◆ PROBLEM TO SOLVE ◆
Using the line with "RUDDERVOORDE BELGIUM OCTOBER" as your starting point, transcribe it and each line beneath it word for word until the records run out, without pictures.

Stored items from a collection
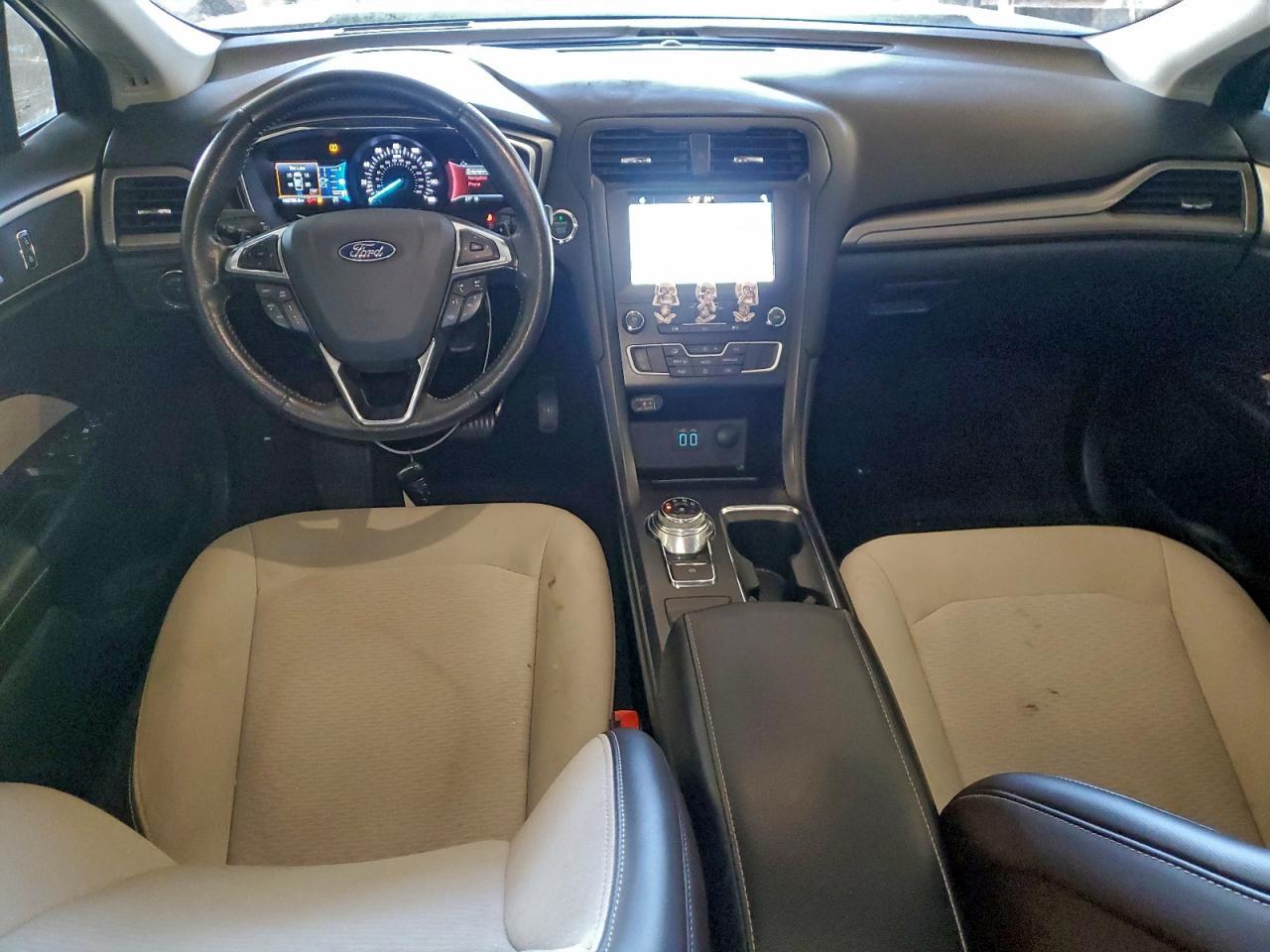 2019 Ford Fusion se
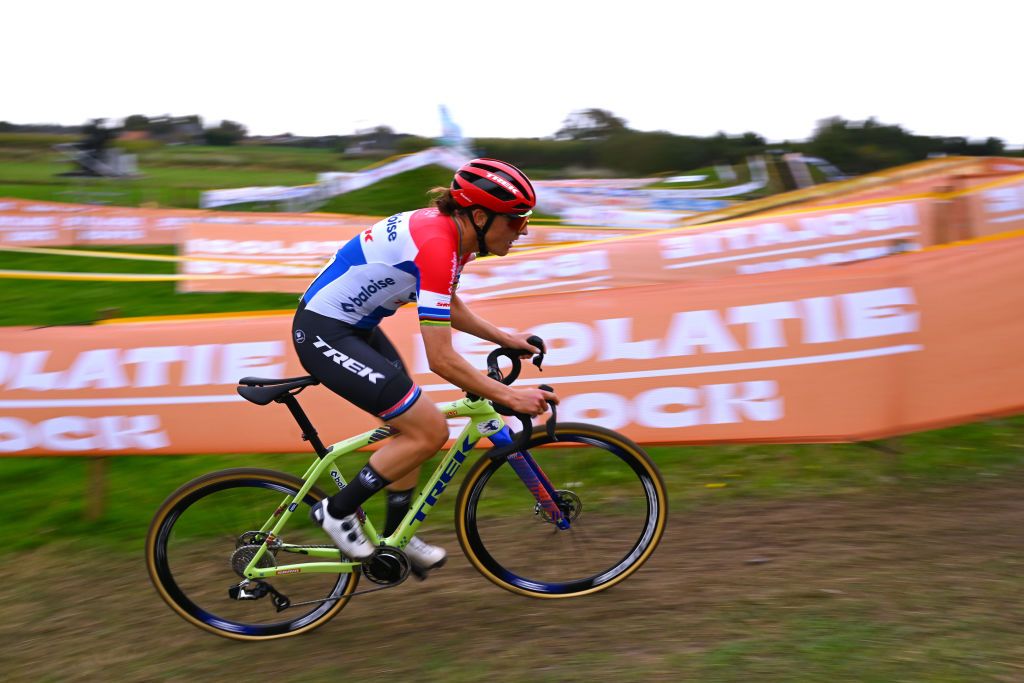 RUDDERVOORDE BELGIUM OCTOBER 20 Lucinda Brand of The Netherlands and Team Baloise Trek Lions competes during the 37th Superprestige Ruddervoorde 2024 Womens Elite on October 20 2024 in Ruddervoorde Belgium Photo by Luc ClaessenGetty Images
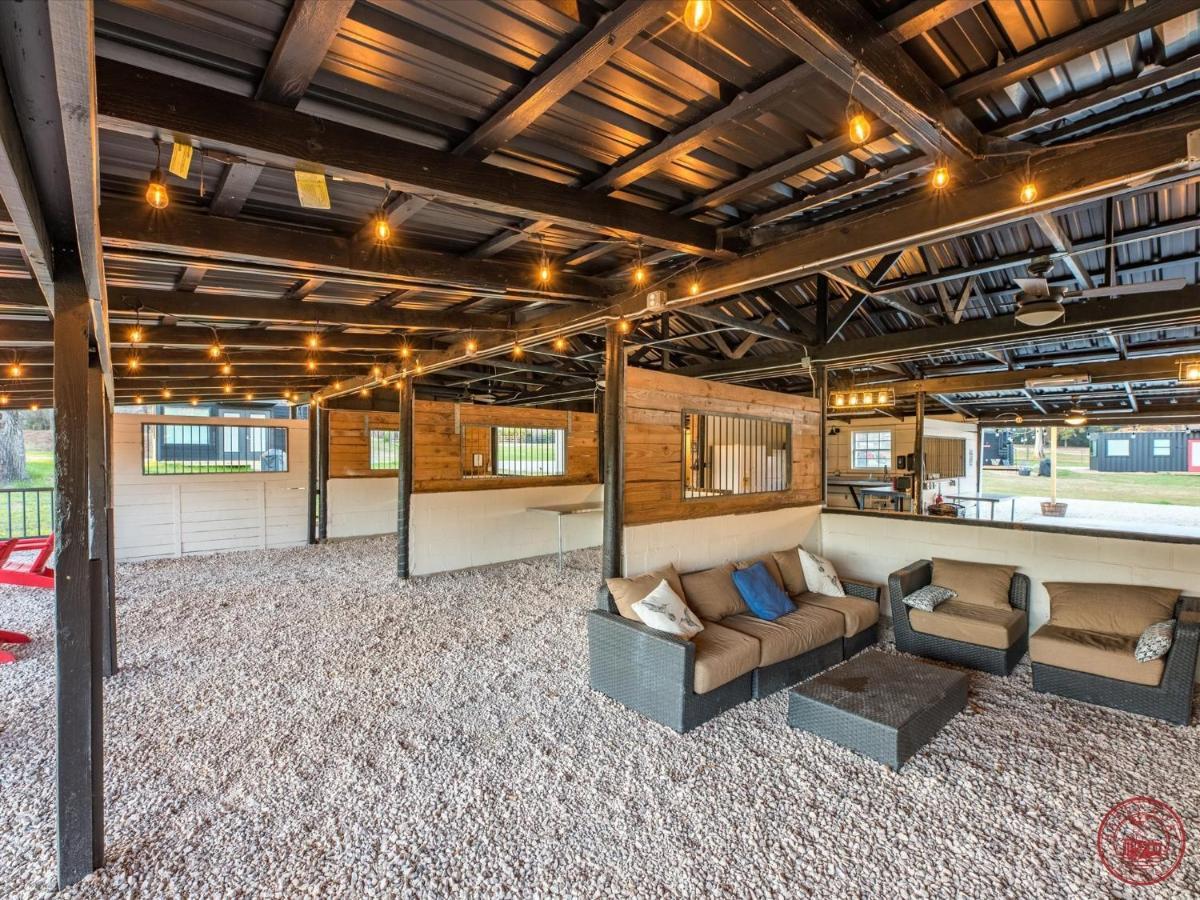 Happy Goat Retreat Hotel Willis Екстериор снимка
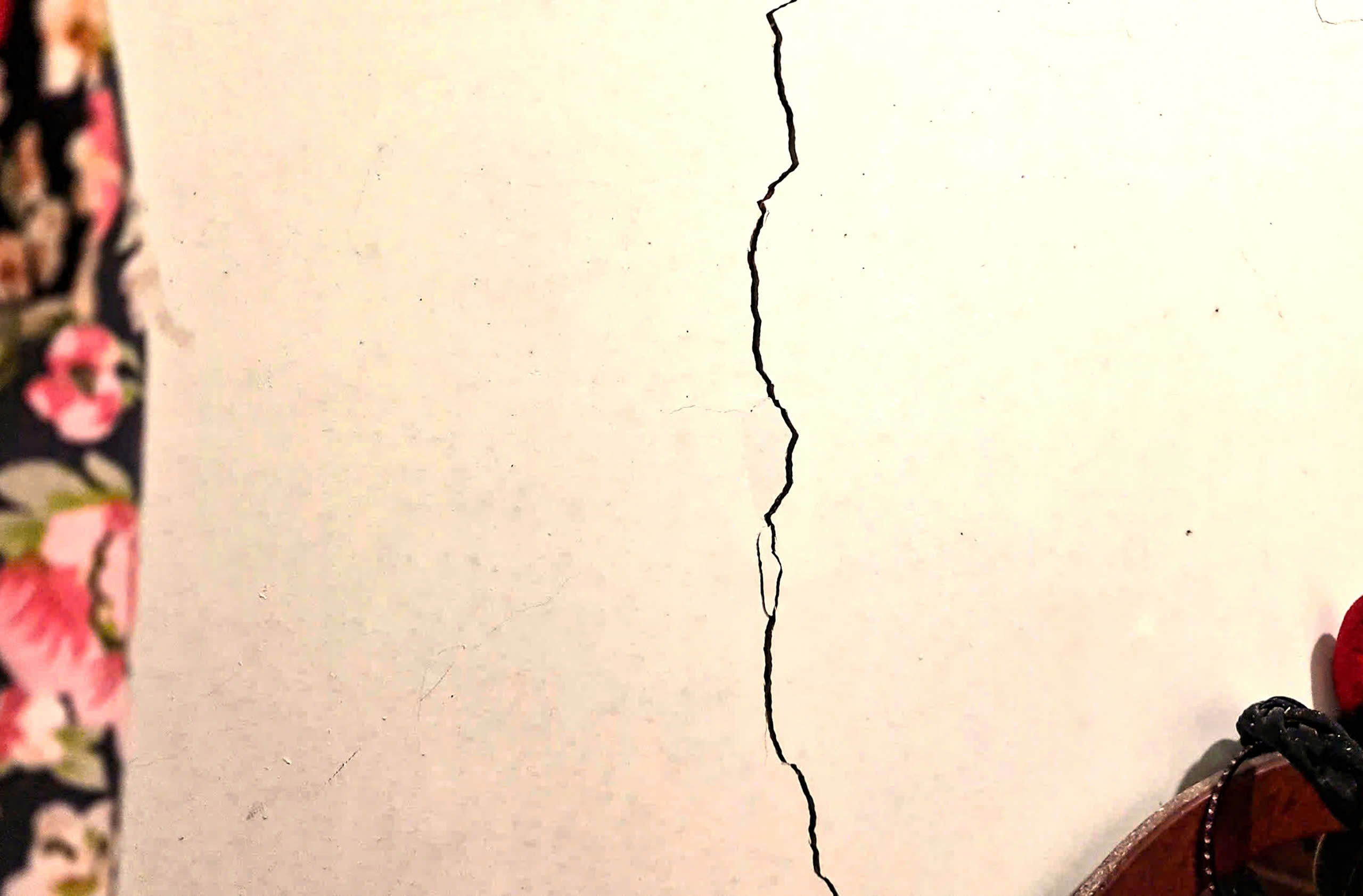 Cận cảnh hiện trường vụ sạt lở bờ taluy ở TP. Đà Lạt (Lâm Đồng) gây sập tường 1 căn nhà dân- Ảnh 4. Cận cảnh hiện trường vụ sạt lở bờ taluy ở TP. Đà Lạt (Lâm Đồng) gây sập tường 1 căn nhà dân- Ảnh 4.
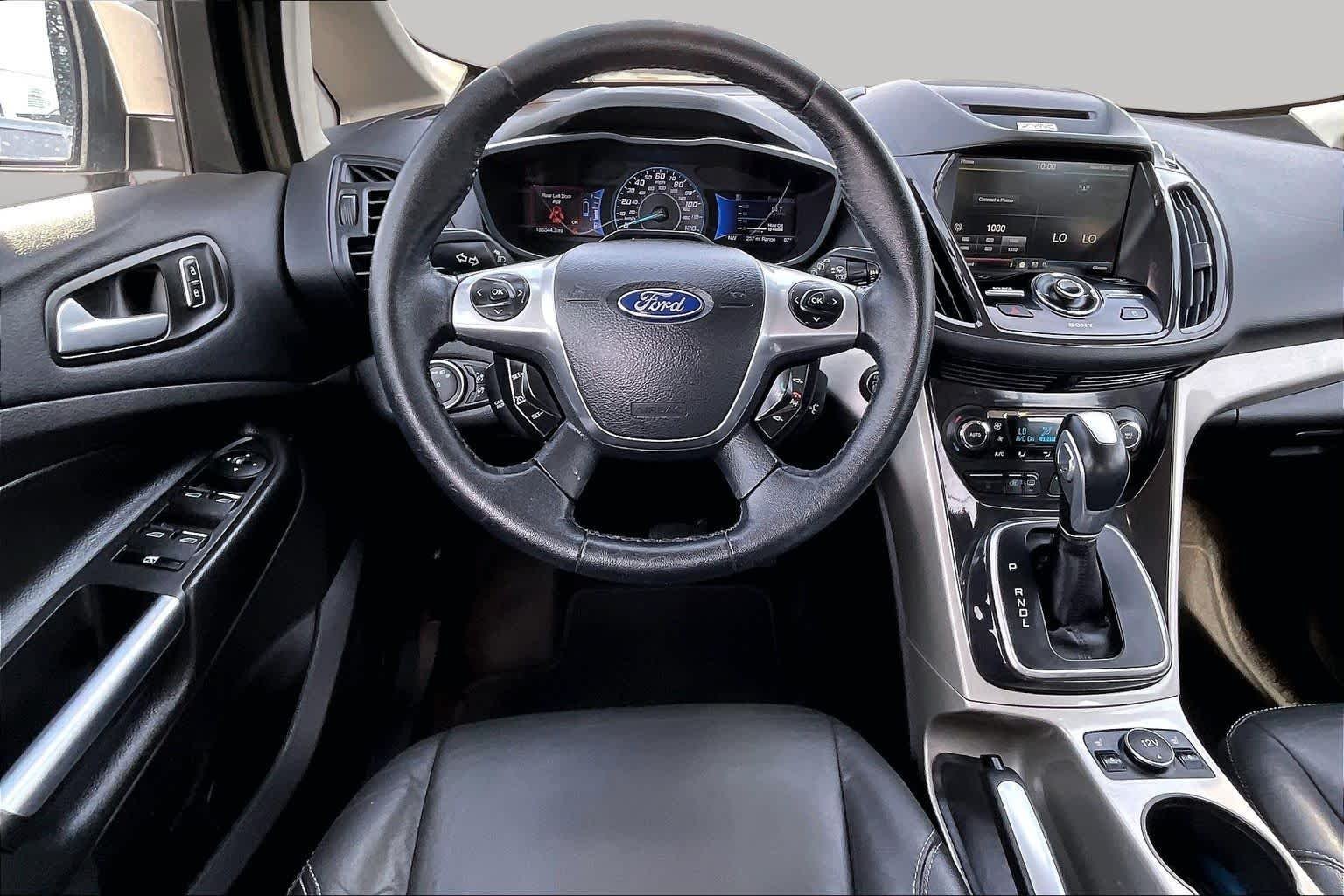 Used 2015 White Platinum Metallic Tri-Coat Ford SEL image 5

◆ ANSWER SPACE ◆
 RUDDERVOORDE BELGIUM OCTOBER 20 Lucinda Brand of The Netherlands and Team Baloise Trek Lions competes during the 37th Superprestige Ruddervoorde 2024 Womens Elite on October 20 2024 in Ruddervoorde Belgium Photo by Luc ClaessenGetty Images
 Happy Goat Retreat Hotel Willis Екстериор снимка
 Cận cảnh hiện trường vụ sạt lở bờ taluy ở TP. Đà Lạt (Lâm Đồng) gây sập tường 1 căn nhà dân- Ảnh 4. Cận cảnh hiện trường vụ sạt lở bờ taluy ở TP. Đà Lạt (Lâm Đồng) gây sập tường 1 căn nhà dân- Ảnh 4.
 Used 2015 White Platinum Metallic Tri-Coat Ford SEL image 5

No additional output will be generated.